Crawlee Web Crawling and Scraping SDK
Crawlee is Apify's open source web crawling and scraping library for Node.js. It combines request queueing, browser automation, proxy support, and storage primitives so agents can build reliable Playwright, Puppeteer, Cheerio, or HTTP crawlers from one toolkit.
npx skills add agentskillexchange/skills --skill crawlee-web-crawling-and-scraping-sdk
Crawlee is an open source web crawling and scraping toolkit maintained by Apify for Node.js and TypeScript workloads. The project bundles the core pieces most agent builders need for production crawling: a request queue, autoscaled concurrency, retry handling, proxy support, persistent datasets, and integrations with browser and HTML parsers. From the same package, an agent can switch between PlaywrightCrawler, PuppeteerCrawler, CheerioCrawler, JSDOMCrawler, or raw HTTP crawling depending on how dynamic the target site is.
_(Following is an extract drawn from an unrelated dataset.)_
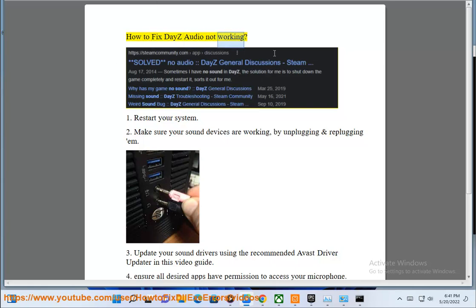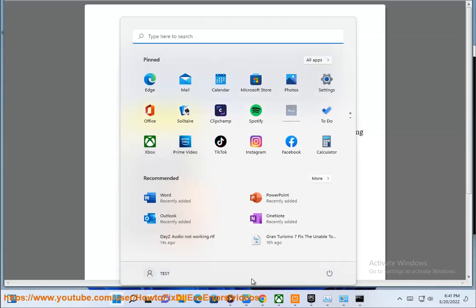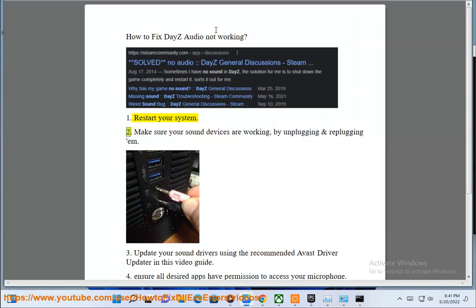How to fix audio not working. 1. Restart your system. 2. Make sure your sound devices are working by unplugging and reseating them.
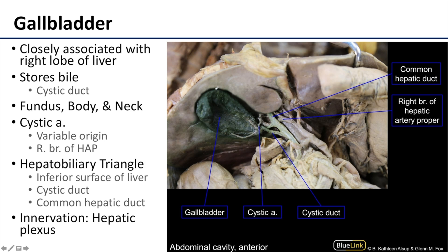The gallbladder has a fundus — although in anatomical position that fundus is inferior — a body, and a neck. It is supplied by the cystic artery. The cystic artery is typically a branch of the right branch of the hepatic artery proper.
What this skill actually does
That makes Crawlee a strong fit for research, monitoring, and extraction workflows where the job to be done is not just fetching a single page, but traversing a site safely and storing structured output. The upstream documentation shows both quick-start generation through the Crawlee CLI and manual installation with Playwright for browser-backed scraping. In practice, an agent can use Crawlee to collect listings, crawl documentation portals, monitor content changes, or feed downstream RAG pipelines with normalized page data. Because the library exposes queueing, link-enqueueing, datasets, and browser hooks directly, it also works well as an integration layer between AI agents and standard automation stacks.
Upstream signals are strong: the official GitHub repository is active, the npm package exists, the docs site is live, and the project publishes releases for current versions. That makes it a solid verified-metadata intake candidate for the marketplace.